If it were the early '90s and I had a Fender P-bass I would do this look every day, but it’s 2013, and I don’t know the words to "Ballroom Blitz." No matter!
Homegirl keeps things pretty natural on her face, but I’m betting there’s at least half a can of Aquanet in that poufed-up side part.
I’m going for the penultimate look from Wayne’s World, in which Crucial Taunt performs live on Wayne’s show and some record executive dude sees it on his limo TV. It’s the stuff of public access dreams.
T and/or A aside, Tia Carrere and I at least have skin tone and brow shape in common. Easy! I defined my brows the usual old way, with some light penciling just to give them a bit more definition.
I used a dark brown shadow powder (bareMinerals' Java) to shadow the crease of my eyes and blended it upwards and towards the outer corners a bit.
Then I smudged some black liner on top because I was not quite satisfied. Also, it was the early '90s, so you KNOW the makeup artist on set was all "Just Do It" with the eyeliner.
Now slap some mascara on those babies and you’ve got yourself some beautiful peepers.
Blush, pre-millenium, is hilarious to me because folks got real creative as to placement. They shouldn’t even have called it blush, since that’s never the area where they put it. I feel like women would put blush on their temples a lot in the early 90s. What is the deal with that?
This is no different. Cassandra doesn’t appear to be wearing blush, so much as some cheekbone-defining sculpting pigment. Well, I don’t have that. I own normal blush. But I’ll apply it in the wacky fashion of the early '90s.
This is NARS Cream Blush in Lokoum. I like cream blush because it makes for one less makeup brush to clean, and they travel friendlier. Oh, and the pigment sets in nicer, I think. And it doesn’t get its subtle shimmer on my phone’s screen when I put my phone on my face. I can wax poetic all day about the virtues of cream blush except there are also other more important things I could be doing. Like anything, really. But seriously, guys, go cream blush!
Blend it with your fingers where the top of your cheekbones start and blend down towards your mouth.
Now for those red lips. What else would better complement a cherry-red lace lingerie dress disguised as an outside outfit?
Cassandra’s hair in this movie is impressively transformative, but in a subtle “oh, you have bangs now but you didn’t two scenes ago” way that you don’t take notice of until you’re researching it for a beauty tutorial. Well, now she does, which is great for me because I’m happy for any excuse to use my $5 clip-in bangs I bought off eBay for no reason.
Then I just teased the back a bit and clipped up some top sections to make my hair appear taller. Big dreams require big hair. Since I don’t have the insanely short choppy layers Tia has in this scene (and I’m not that committed to this tutorial to take a razor to my head), this creates an illusion of that crazy early '90s lift.

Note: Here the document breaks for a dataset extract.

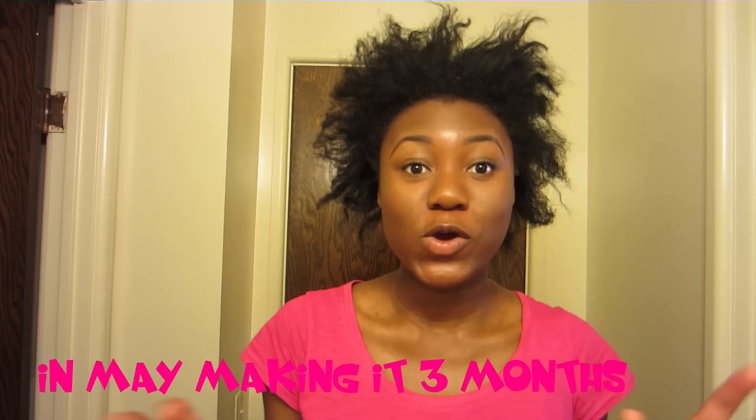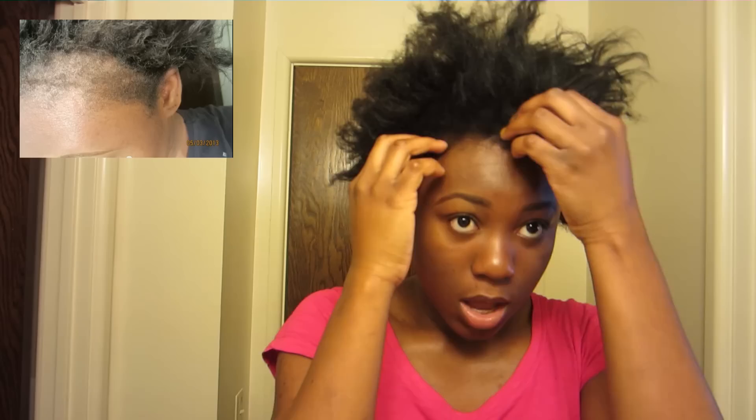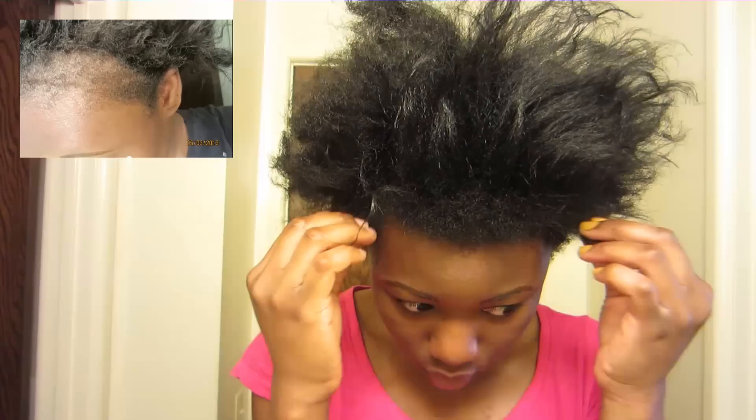I wanted to give an update on my castor oil challenge video I did a few months ago. If you watched one of my recent videos I said you're gonna be so shocked at the progress I've made. So here are my edges — this is my transitioning hair, not my natural hair. I want to talk about my natural hair but we're here for my edges. This is what they look like now, and I will post a picture of what my edges looked like when I started the challenge.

The fun part of this costume is the costume itself. Be warned, it takes confidence in cheap lingerie. Can you hang with that? In the words of Cady Heron, Halloween is the one time of year when a girl can dress as slutty as she wants and no one can say anything. Luckily, I don’t have to pander too much to tarting up the getup of Crucial Taunt’s lead singer because it’s red lace. RED LACE. ‘Nuff said.

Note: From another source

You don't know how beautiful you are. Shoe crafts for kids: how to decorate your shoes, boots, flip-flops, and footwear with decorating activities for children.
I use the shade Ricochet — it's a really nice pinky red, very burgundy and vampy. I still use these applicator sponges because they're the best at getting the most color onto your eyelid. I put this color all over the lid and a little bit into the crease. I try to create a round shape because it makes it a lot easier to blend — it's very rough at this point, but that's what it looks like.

If you play a bass or guitar, great! If you don’t, that’s OK because I’m sure toting one of those around strapped to your chest would get really tedious at a party anyway. And people will probably ask you to play something, and then your axe might get jacked up--oh no! I’m pretty sure Tia Carrere did not actually play her bass in the film, but girl could sing.

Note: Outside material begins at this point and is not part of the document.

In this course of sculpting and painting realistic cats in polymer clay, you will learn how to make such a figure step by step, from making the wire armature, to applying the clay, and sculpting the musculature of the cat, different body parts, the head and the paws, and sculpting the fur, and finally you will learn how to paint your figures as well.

Whether you are with or without your Wayne, the cool part of Cassandra is that she’s a badass awesome lady all by herself, with or without a man. I mean, there was that whole engaged-to-her-manager (aka Christopher Walken) subplot without any romantic build-up, which to this day I’m sure must only serve to create that famous Graduate-inspired “Cassssadrraaaaaa” scene when Wayne interrupts their nuptials banging on the glass window of the church as they’re about to say “I do.” Worth it.